Score Calculation Breakdown

A block window is a range of blocks for which an estimate is guaranteed to land on chain. As an example, the block window for GasAgents Ethereum is 1 block. (next block prediction)

After a block window is closed the following metrics are calculated and inserted into a fixed sized memory array. (default size = 10)

  • inclusion (1 if estimate ≥ on chain block window minimum else 0)
  • overpayment error (estimate - on chain block window minimum)
  • timestamp of estimate (used for liveliness)

Inclusion & Overpayment

Once the array is filled, the performance metrics are calculated. For each subsequent block window, the oldest value in the memory array is replaced, and a new performance metric is calculated after the update.

  • inclusion rate (number of included estimates / array size (default 10))
  • average overpayment error (sum of errors/array size)

These performance metrics are inserted into a AgentHistory array. The score metrics are calculated on the most recent entries in the last t seconds (default t = 60)

  • mean inclusion rate
  • standard deviation of inclusion rate
  • average overpayment averages
  • standard deviation of overpayment averages

Liveliness

For each block window in the fixed-size memory array, a 1 or 0 is assigned depending on whether a prediction was submitted. The liveliness metric is then calculated by summing these values and dividing by the size of the memory array.

Exponential Bounding Function

The following metrics are bounded from $[-\inf,\inf]$

  • inclusion COV
  • overpayment mean
  • overpayment COV

The utility function transforms these values bounds to [0,1]

$u = exp(- \beta * x)$ where $\beta=3.2$

We selected $\beta$ based on the following constraints.

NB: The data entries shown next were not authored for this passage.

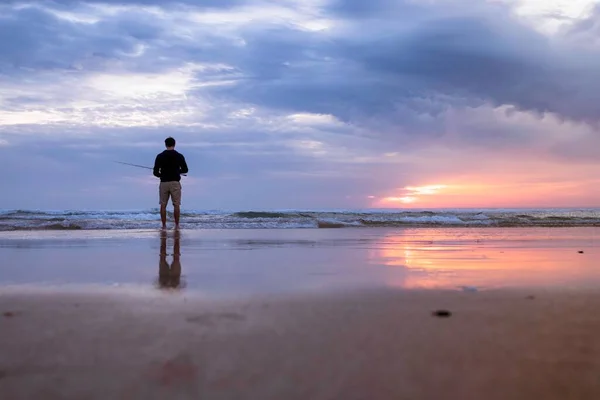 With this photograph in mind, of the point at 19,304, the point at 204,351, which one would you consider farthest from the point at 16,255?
the point at 204,351

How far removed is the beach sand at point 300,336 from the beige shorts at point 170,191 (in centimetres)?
687

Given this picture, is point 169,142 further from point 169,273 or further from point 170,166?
point 169,273

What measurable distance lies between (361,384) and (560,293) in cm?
170

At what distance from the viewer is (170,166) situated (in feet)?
33.0

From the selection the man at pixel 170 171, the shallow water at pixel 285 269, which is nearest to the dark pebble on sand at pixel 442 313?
the shallow water at pixel 285 269

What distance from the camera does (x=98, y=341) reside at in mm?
1654

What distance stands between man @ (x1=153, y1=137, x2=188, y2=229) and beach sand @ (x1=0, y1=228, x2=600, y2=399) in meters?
6.86

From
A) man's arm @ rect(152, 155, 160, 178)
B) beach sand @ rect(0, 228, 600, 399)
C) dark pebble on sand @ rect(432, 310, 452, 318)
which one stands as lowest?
beach sand @ rect(0, 228, 600, 399)

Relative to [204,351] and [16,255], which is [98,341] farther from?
[16,255]

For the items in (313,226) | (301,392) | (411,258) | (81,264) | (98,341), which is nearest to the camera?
(301,392)

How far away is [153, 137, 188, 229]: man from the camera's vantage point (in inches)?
394

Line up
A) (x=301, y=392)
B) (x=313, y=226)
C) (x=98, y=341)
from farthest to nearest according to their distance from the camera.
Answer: (x=313, y=226) < (x=98, y=341) < (x=301, y=392)

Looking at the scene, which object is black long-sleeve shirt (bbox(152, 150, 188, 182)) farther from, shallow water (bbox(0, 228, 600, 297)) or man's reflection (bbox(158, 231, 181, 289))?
man's reflection (bbox(158, 231, 181, 289))

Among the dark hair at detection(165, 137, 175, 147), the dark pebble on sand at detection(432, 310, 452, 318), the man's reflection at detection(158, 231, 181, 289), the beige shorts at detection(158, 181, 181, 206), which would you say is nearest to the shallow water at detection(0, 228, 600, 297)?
the man's reflection at detection(158, 231, 181, 289)
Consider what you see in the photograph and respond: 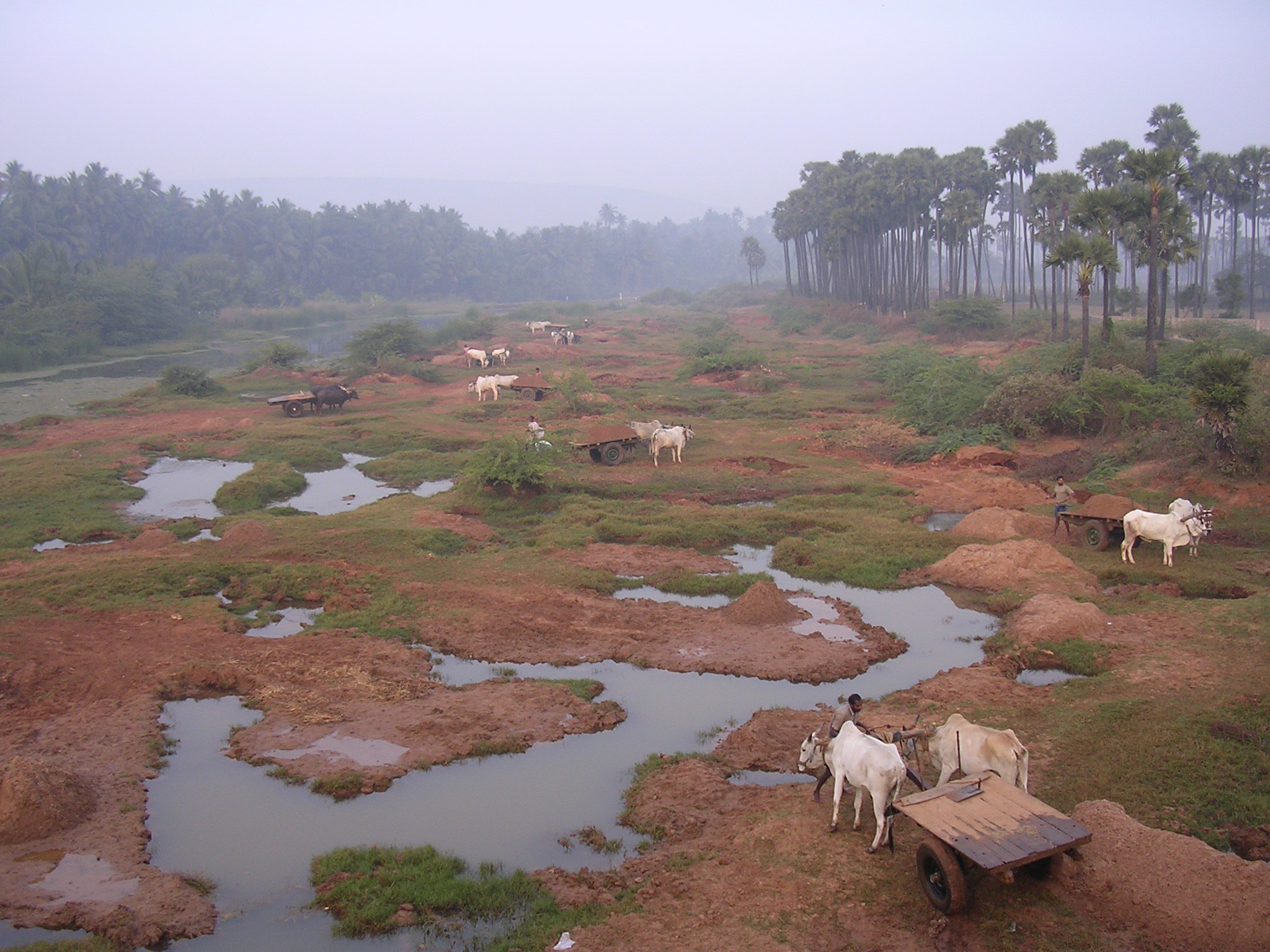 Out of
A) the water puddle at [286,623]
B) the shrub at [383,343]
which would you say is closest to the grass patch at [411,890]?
the water puddle at [286,623]

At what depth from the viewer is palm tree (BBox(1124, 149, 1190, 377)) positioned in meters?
27.8

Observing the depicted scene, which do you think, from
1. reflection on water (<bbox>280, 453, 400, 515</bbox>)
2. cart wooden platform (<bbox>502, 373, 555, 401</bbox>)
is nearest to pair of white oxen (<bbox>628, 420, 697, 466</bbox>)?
reflection on water (<bbox>280, 453, 400, 515</bbox>)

$$ \begin{cases}u=1 \hspace{0.2em}\text{when}\hspace{0.2em}x=0\hspace{3.6em}(1)\\ u=0.2\hspace{0.2em}\text{when}\hspace{0.2em}x=0.5\hspace{2em}(2)\end{cases} $$

$u$ represents the utility produced by the given metric.

Constraint (1) ✅

$u = 1$ is the highest possible utility and occurs when

  • The average overpayment is 0, which means that the estimated gas price exactly matched the true on-chain minimum. There was neither overestimation nor underestimation overall.

  • The coefficient of variation (CV) is 0, which indicates that the standard deviation is 0. There is no variation in the measured values.

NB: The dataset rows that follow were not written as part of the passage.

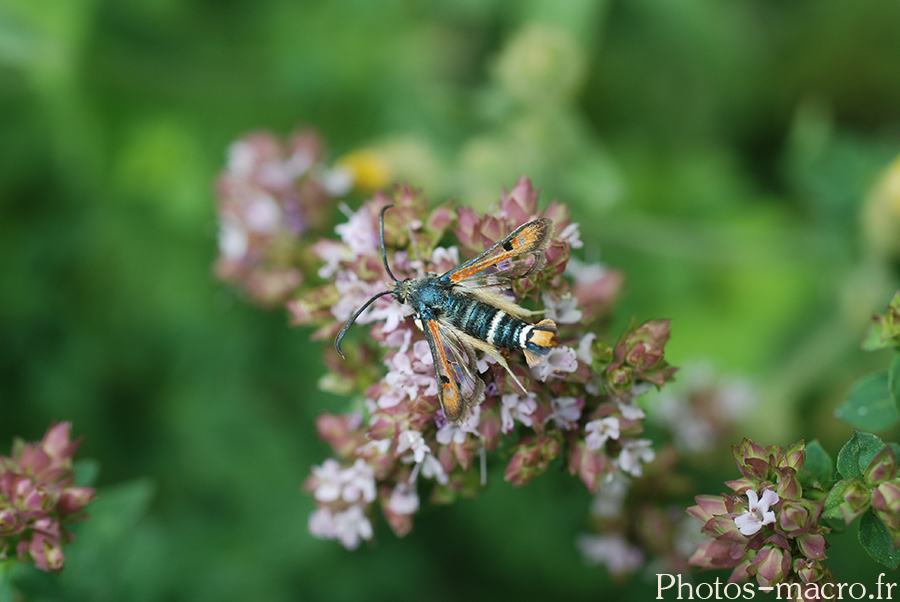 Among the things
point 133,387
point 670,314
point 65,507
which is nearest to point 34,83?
point 133,387

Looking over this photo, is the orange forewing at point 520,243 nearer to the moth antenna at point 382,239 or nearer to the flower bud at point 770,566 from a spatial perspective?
the moth antenna at point 382,239

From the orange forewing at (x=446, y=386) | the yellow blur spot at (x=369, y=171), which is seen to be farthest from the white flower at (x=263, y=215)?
the orange forewing at (x=446, y=386)

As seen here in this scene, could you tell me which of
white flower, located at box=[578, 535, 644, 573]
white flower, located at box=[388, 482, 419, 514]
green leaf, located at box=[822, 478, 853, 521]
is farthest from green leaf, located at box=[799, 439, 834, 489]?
white flower, located at box=[388, 482, 419, 514]

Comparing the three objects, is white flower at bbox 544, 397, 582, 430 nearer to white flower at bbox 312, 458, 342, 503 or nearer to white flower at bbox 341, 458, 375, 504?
white flower at bbox 341, 458, 375, 504

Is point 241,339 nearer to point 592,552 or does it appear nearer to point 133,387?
point 133,387

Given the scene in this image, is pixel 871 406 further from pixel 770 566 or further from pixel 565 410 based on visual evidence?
pixel 565 410

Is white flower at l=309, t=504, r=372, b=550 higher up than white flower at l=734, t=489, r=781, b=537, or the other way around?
white flower at l=734, t=489, r=781, b=537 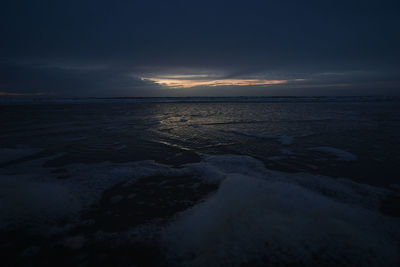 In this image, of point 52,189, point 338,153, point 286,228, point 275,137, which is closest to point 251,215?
point 286,228

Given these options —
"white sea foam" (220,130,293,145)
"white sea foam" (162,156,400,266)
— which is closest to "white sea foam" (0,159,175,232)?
"white sea foam" (162,156,400,266)

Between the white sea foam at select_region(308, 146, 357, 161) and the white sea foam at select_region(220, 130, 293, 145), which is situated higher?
the white sea foam at select_region(220, 130, 293, 145)

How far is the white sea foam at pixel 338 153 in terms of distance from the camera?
4277mm

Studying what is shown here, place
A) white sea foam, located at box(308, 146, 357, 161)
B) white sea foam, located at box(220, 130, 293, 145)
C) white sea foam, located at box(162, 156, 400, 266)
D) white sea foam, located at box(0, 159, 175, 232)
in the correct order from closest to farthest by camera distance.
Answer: white sea foam, located at box(162, 156, 400, 266)
white sea foam, located at box(0, 159, 175, 232)
white sea foam, located at box(308, 146, 357, 161)
white sea foam, located at box(220, 130, 293, 145)

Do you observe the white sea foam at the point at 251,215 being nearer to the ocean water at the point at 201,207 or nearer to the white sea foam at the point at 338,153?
the ocean water at the point at 201,207

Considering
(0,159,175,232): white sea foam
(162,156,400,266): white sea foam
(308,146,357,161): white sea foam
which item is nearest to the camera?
(162,156,400,266): white sea foam

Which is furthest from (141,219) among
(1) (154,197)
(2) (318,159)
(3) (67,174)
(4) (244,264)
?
(2) (318,159)

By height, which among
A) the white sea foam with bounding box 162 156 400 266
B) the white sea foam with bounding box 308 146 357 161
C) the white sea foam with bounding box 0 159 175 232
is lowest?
the white sea foam with bounding box 162 156 400 266

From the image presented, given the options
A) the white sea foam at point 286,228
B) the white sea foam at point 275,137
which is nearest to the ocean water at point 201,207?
the white sea foam at point 286,228

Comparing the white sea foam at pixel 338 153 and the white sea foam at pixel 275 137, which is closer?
the white sea foam at pixel 338 153

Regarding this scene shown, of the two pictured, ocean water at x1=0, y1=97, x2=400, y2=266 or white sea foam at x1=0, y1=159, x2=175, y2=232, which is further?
white sea foam at x1=0, y1=159, x2=175, y2=232

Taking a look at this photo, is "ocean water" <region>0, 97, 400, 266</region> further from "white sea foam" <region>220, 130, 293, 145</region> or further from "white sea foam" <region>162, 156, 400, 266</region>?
"white sea foam" <region>220, 130, 293, 145</region>

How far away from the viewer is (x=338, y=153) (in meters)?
4.60

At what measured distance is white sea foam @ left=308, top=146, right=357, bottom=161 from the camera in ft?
14.0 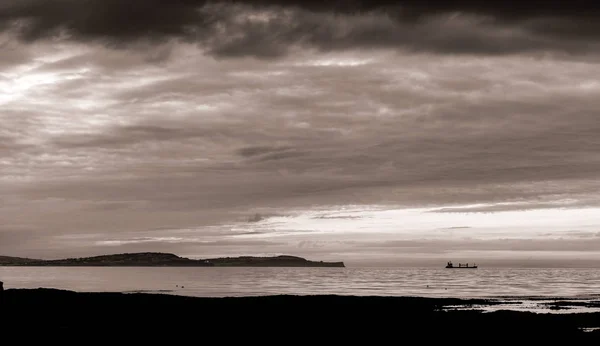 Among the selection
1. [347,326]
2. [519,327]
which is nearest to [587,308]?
[519,327]

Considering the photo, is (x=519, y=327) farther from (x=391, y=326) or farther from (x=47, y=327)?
(x=47, y=327)

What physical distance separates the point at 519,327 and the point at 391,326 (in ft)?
24.3

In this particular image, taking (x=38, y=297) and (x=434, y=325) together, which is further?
(x=38, y=297)

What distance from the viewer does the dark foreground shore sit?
1387 inches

    For example, if the standard deviation of inclusion is 0, this means that all inclusion metrics (e.g., inclusion times or probabilities) are identical across the dataset.

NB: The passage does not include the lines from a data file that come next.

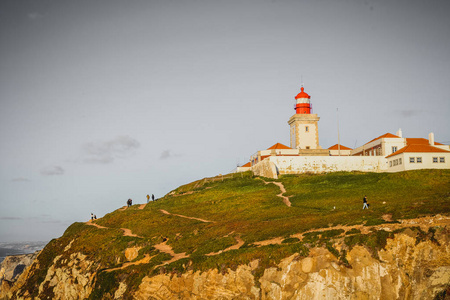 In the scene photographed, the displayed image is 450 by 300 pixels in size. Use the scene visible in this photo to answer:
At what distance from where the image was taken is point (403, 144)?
80438 mm

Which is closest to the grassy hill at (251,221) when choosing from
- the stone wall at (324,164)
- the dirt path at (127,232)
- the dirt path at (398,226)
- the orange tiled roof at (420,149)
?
the dirt path at (398,226)

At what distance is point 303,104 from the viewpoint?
316 ft

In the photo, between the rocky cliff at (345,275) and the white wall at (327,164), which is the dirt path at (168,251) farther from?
the white wall at (327,164)

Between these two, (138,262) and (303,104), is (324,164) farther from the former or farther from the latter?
(138,262)

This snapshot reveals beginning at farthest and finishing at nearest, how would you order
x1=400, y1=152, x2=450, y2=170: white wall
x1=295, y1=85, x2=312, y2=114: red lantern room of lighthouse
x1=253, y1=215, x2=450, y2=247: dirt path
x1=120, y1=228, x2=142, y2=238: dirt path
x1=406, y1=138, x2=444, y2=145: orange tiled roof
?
x1=295, y1=85, x2=312, y2=114: red lantern room of lighthouse, x1=406, y1=138, x2=444, y2=145: orange tiled roof, x1=400, y1=152, x2=450, y2=170: white wall, x1=120, y1=228, x2=142, y2=238: dirt path, x1=253, y1=215, x2=450, y2=247: dirt path

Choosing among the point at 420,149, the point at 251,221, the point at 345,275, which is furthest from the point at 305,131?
the point at 345,275

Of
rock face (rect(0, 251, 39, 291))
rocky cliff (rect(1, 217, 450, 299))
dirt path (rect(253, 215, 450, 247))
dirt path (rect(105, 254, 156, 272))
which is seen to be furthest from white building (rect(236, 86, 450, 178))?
rock face (rect(0, 251, 39, 291))

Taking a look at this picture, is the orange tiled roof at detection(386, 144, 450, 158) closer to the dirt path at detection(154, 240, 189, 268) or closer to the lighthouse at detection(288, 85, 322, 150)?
the lighthouse at detection(288, 85, 322, 150)

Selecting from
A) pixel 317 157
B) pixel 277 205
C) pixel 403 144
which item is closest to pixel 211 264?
pixel 277 205

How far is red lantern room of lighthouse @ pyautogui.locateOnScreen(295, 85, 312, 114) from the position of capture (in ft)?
316

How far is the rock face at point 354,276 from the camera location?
32.2 m

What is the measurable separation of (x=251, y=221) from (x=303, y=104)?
1988 inches

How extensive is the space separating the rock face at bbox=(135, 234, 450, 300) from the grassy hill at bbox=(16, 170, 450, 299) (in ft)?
2.98

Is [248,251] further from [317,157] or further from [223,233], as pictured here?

→ satisfied as $u = exp(0)=1$

Constraint (2) ✅

$u = 0.2$ indicates a low utility and occurs when

  • The average overpayment is 50% (0.5), which means that the estimate gas price was 50% more expensive then the on-chain minimum.
  • The coefficient of variation (CV) is 0.5, which indicates that the spread is half as large as the mean. While a CV of 0.5 typically indicates moderate variation, in our context we aim to reward agents with minimal or no variability in their metric performance.